Do or Don’t – Donor Advised Funds
With the holiday season upon us, many people want to find the best way to give back and donate to charitable causes. A method for giving that is gaining in popularity is donor-advised funds. These are funds created by donors where money, appreciated securities or other assets are deposited, then those funds are distributed to charities over time.
Donor-advised funds are on the upswing. In fact, donor-advised fund contributions make up approximately 7 percent of all individual charitable donations. Donations to these funds increased by nearly 24 percent in 2013, according to CNBC.com.

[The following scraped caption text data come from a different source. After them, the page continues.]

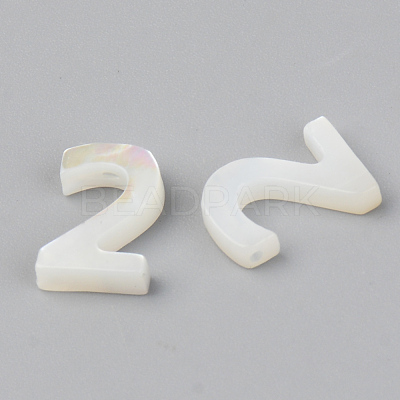 Natural White Shell Mother of Pearl Shell Charms SSHEL-R048-004-02-1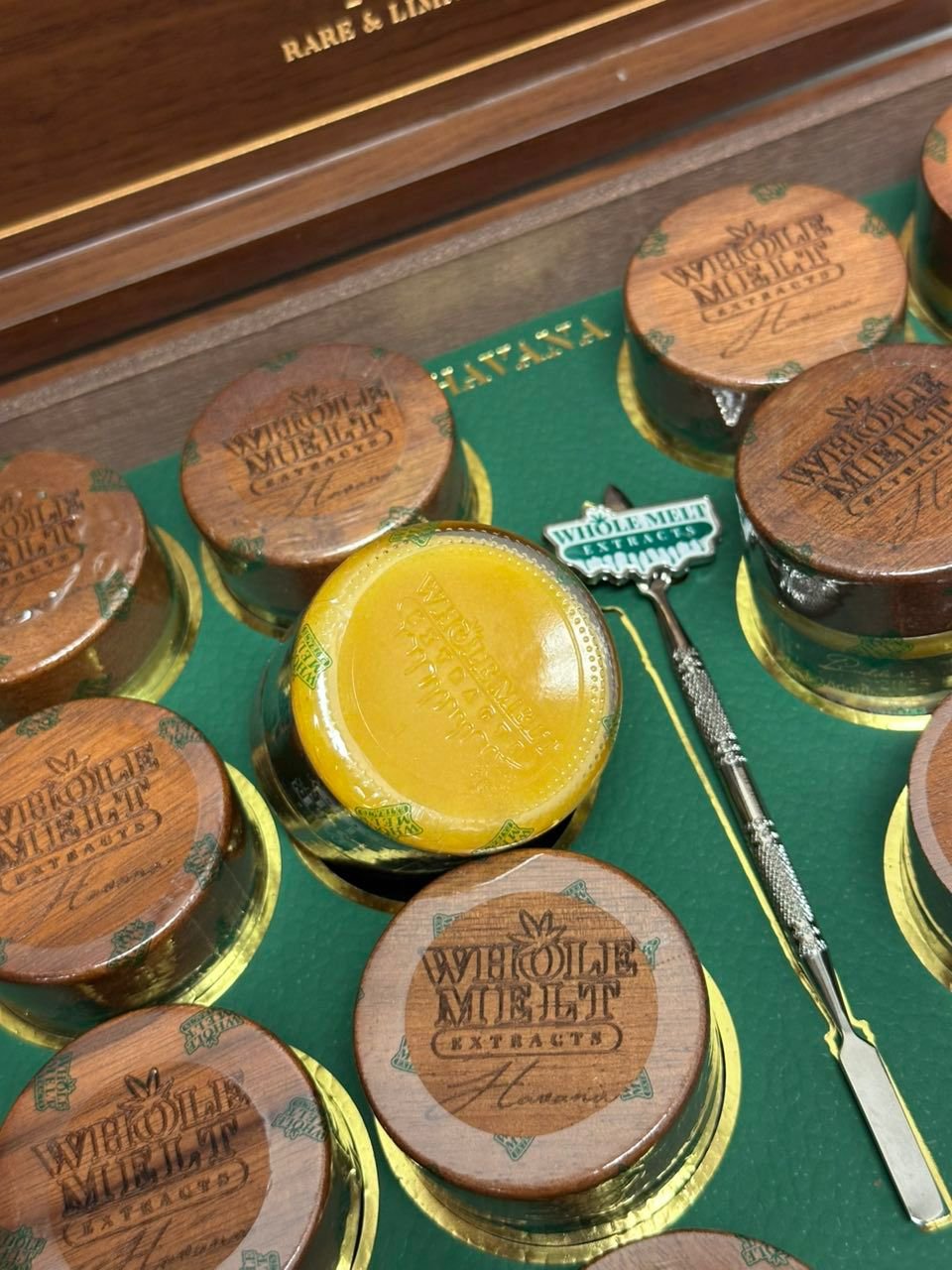 Whole Melts Havana Editions Whole Melts Havana Edition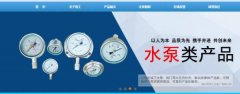 泰興市*工儀表廠有限公司藍(lán)色系網(wǎng)站建設(shè)給你設(shè)計(jì)靈感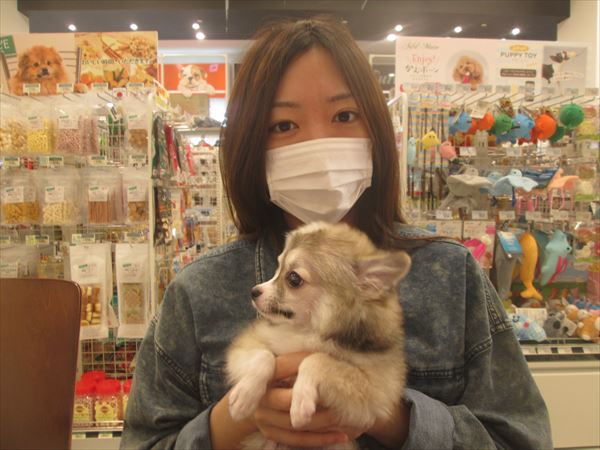 写真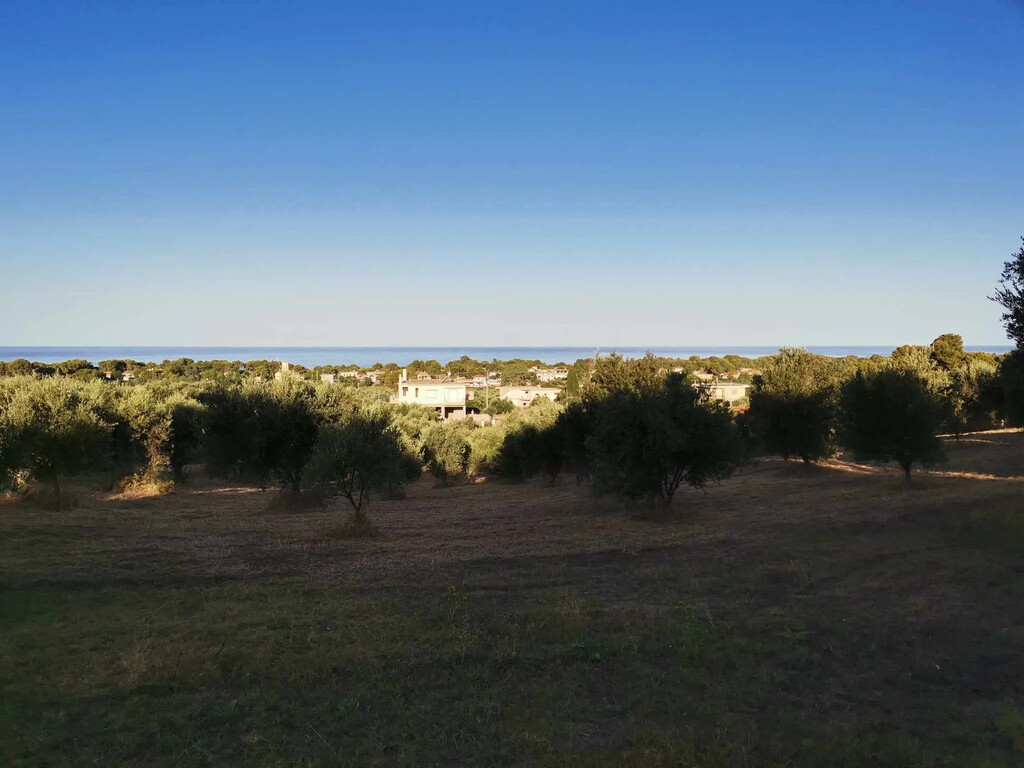 Land in Zacharo, Ilia, Greece – 62876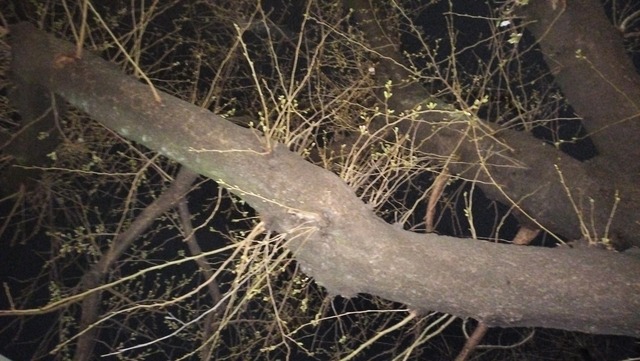 IMG20250323200541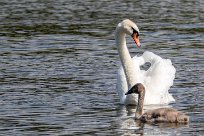 Cygne tuberculé Lac du Der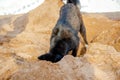 Funny black dog digs a hole in the sand on the beach during summer vacation. Royalty Free Stock Photo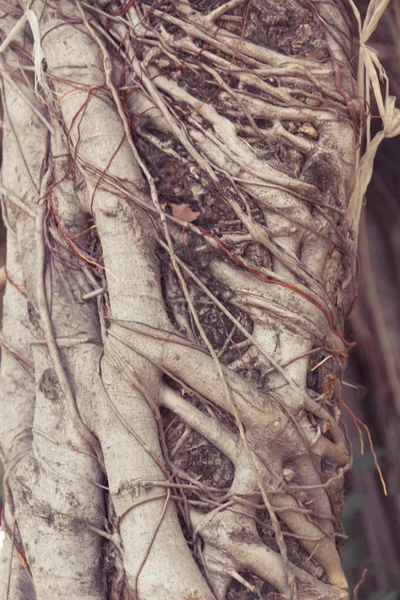 Older and long vine in nature , creeping plant - Vintage filter effect — Stock Photo, Image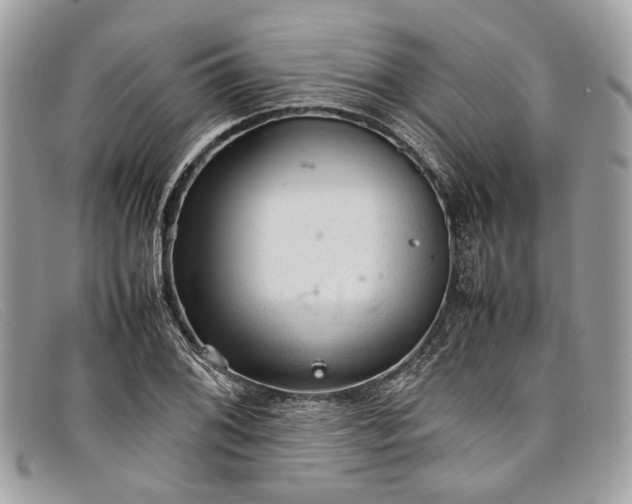 X0000098041076200804111340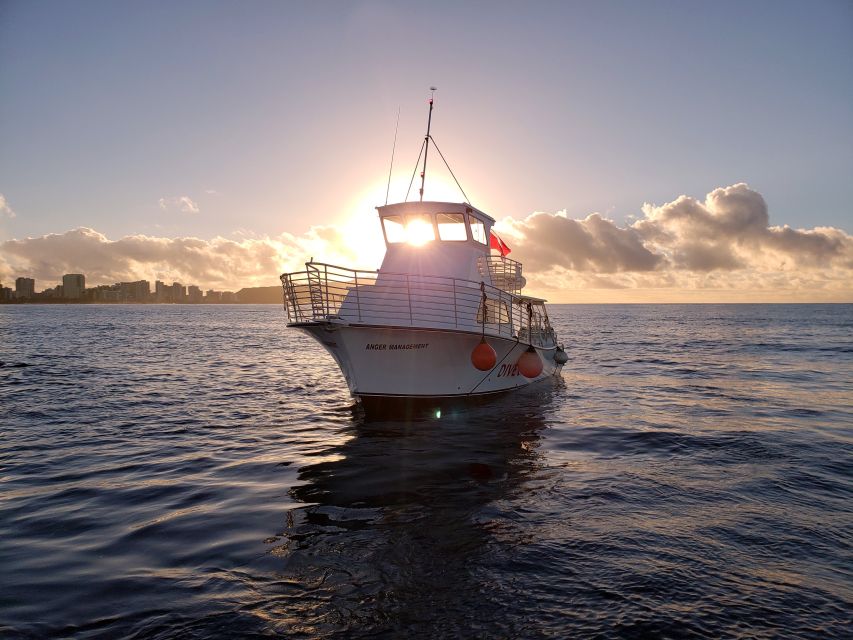 Oahu Night Dive: Adventure for Certified Divers - First session: Oahu’s reef at twilight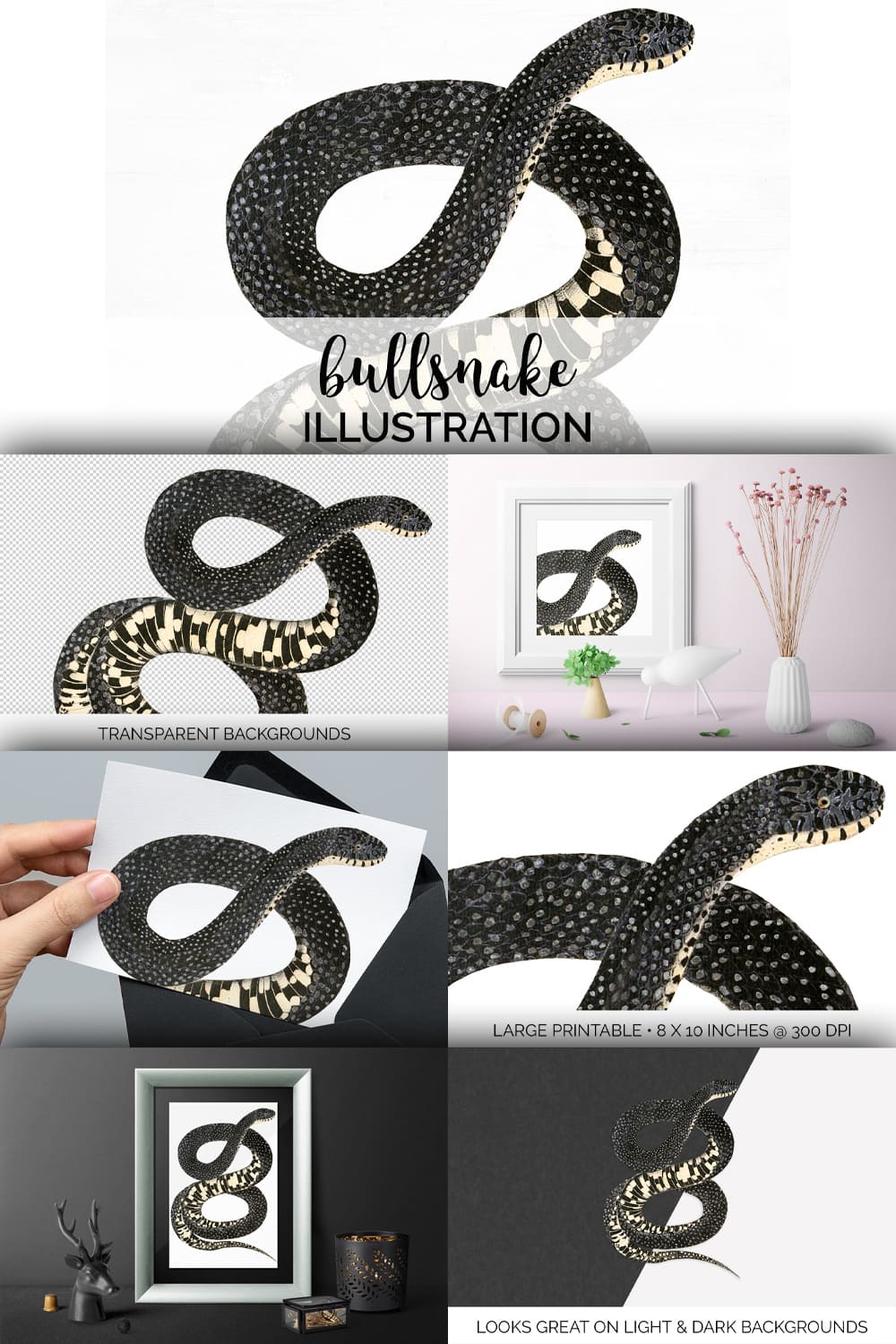 Collection of colorful images bullsnake.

If you make a donation to a donor-advised fund, you enjoy an immediate tax deduction against the full amount contributed. However, there are no regulations governing how quickly the donation has to be distributed. This provides benefits to both the donor (through the tax deduction) and the fund by allowing it to maximize how, and when, the donated funds are distributed. There are minimal reporting requirements and administration is relatively easy. Donor advised funds also create an avenue for charities to get larger donations since these funds enable easier transfer of appreciated stock, as opposed to charities soliciting donations via traditional credit card and check donations.
Should You Donate to a Donor-Advised Fund?
It depends. What are your goals and how does the contribution fit into your overall plan? The ease of transferring appreciated stock and gaining an immediate tax deduction is quite attractive. Though, you need to do your due diligence on the fund you donate to and the company that will manage the fund.